Она мастерски переводила стрелки, изображая из себя простодушную старушку, гордящуюся внуком. Виктор Сергеевич вежливо улыбался.
— Конечно, конечно, это очень важно. А вот эта мадемуазель Мари Мишон... Она, я слышал, ваш продюсер? Не предлагала ли вам, Александр, остаться? Помощь с жильем, контракты? Иностранные агенты часто используют такие методы вербовки.
Вопрос повис в воздухе, тяжелый и острый. Саша почувствовал, как у него похолодели руки.
— Мари — профессионал, — сказал он, стараясь, чтобы голос не дрогнул. — Все наши договоренности строго в рамках контракта, утвержденного нашим же Министерством. И все ее предложения я обсуждал с товарищем Фроловым. Он в курсе всего.
Он намеренно ввернул имя человека Брежнева, и заметил, как у Виктора Сергеевича дрогнул край губы. Тот сделал пометку в блокноте.
— Разумеется, мы это проверим. И последнее... Та неприятная история с газетной статьей, где вас назвали «похищенным французом». Кто именно из иностранных журналистов настаивал на этой версии? Это же настоящая провокация!
Анна Николаевна снова пришла на выручку, качая головой:
— Ах, эти газетчики! Что не написали бы, лишь бы сенсацию сделать. Мы ж им сразу сказали — нет, мол, чистокровный русский, из рабочих! Да они и слушать не стали. Сашенька, дай-ка Виктору Сергеевичу еще варенья, он у нас, я смотрю, сладкоежка.
Она говорила, говорила без остановки, заваливая гостей бытовыми деталями, заботой о их комфорте, полностью растворяя политическую подоплеку в сиропе показного гостеприимства. Допрос тонул в чае и варенье.
Наконец, чай был допит, варенье съедено. Виктор Сергеевич закрыл свой блокнот. Он встал, поправил пиджак.
— Благодарим за беседу и гостеприимство. Вы внесли полную ясность.
Он посмотрел на Александра, и его взгляд внезапно утратил всю вежливую мягкость. Стал холодным, оценивающим.
— Париж, конечно, город красивый. Много свободы, много... соблазнов для молодежи. Хорошо, что у вас здесь такой надежный тыл. — Он положил тяжелую, холодную ладонь Саше на плечо. Жест был одновременно отеческим и каким-то угрожающе-бдительным. — Мы всегда рядом. Всегда на связи. Если что — вы знаете, куда обращаться.
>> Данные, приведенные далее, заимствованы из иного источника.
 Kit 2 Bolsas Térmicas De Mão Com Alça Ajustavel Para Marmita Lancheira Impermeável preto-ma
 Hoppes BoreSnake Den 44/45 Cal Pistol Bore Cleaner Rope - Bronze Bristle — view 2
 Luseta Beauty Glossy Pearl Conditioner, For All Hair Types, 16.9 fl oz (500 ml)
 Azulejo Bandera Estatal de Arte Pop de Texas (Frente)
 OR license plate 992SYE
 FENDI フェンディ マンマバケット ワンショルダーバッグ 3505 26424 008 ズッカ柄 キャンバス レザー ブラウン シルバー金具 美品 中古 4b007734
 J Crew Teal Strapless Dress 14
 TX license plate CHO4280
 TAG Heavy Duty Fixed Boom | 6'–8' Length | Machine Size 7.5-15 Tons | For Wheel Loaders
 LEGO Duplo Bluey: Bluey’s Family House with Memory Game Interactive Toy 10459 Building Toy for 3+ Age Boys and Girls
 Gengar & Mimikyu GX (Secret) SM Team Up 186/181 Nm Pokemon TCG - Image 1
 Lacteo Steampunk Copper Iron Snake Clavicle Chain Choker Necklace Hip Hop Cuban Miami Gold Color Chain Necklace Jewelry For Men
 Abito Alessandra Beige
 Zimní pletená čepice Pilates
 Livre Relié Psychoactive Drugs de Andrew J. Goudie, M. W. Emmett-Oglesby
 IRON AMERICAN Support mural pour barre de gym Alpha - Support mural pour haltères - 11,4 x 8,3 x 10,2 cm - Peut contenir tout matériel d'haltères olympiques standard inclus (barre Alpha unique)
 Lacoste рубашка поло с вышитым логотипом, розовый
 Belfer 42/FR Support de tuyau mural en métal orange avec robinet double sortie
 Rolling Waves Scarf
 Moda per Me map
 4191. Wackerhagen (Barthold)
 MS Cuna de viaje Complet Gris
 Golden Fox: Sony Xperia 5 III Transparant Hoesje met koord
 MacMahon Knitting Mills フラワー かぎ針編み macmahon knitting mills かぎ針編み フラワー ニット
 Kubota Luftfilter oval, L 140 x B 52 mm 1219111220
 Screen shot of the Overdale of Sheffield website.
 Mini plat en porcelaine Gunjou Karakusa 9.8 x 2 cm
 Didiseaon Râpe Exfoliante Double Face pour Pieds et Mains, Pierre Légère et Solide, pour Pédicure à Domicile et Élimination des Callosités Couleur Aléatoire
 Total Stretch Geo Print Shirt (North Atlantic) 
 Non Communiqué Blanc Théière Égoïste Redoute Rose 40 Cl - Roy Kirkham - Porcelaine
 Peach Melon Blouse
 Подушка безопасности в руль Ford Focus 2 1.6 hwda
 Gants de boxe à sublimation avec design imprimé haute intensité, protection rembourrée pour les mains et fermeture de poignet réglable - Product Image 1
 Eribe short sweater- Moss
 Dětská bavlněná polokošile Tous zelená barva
Они ушли так же тихо, как и появились. Дверь закрылась. Александр стоял посреди комнаты, чувствуя на плече ледяной отпечаток той ладони. Он обернулся к бабушке.
Та сидела за столом, и все ее напускное простодушие исчезло. Лицо было усталым и серьезным. Она молча допивала остывший чай.
— Ну что, бабуль, — с горькой иронией произнес Саша, — с возвращением на родину?
Анна Николаевна взглянула на него поверх чашки, и в ее глазах светилась не тревога, а твердая, стальная решимость.
— Успокойся Сашенька, все у нас будет хорошо!